The proportional term handled immediate correction, the derivative term helped reduce overshoot, and the final motor outputs controlled how aggressively each wheel adjusted to keep the robot aligned with the track.

PID Control Implementation

The controller continuously computes the error between the desired line position, or center of the sensor array, and the measured position. A PID controller generates a correction term that adjusts the motor speeds to keep the robot aligned with the track.
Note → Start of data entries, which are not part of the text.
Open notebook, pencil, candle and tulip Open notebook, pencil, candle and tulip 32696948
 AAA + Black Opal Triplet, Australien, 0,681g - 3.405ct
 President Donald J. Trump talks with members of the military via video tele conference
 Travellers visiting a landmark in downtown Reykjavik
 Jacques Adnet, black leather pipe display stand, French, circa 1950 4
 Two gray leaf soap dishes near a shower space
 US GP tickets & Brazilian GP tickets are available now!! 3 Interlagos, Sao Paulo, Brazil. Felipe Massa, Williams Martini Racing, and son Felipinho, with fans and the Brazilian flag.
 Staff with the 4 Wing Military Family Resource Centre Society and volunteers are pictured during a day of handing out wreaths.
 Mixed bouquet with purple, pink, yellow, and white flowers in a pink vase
// PID constants, tuned experimentally
float kp = 0.6;
float ki = 0.02;
float kd = 1.2;

float error = 0;
float previousError = 0;
float integral = 0;

int baseSpeed = 120;

void loop() {
  int position = readLineSensors();
  int target = 3500;

  error = target - position;

  integral += error;
  float derivative = error - previousError;

  float correction = (kp * error) + (ki * integral) + (kd * derivative);

  int leftSpeed  = baseSpeed - correction;
  int rightSpeed = baseSpeed + correction;

  setMotorSpeeds(leftSpeed, rightSpeed);

  previousError = error;
}

The proportional term reacts to current error, the integral term compensates for accumulated bias, and the derivative term dampens oscillations. Careful tuning of these gains allowed the robot to move aggressively while remaining stable on sharp turns.

Results & Learnings

Reflection

This project was one of my first experiences seeing control theory work in a real physical system. It showed me how small changes in software parameters could dramatically affect hardware behavior, and it helped build my interest in embedded systems, robotics, and feedback control.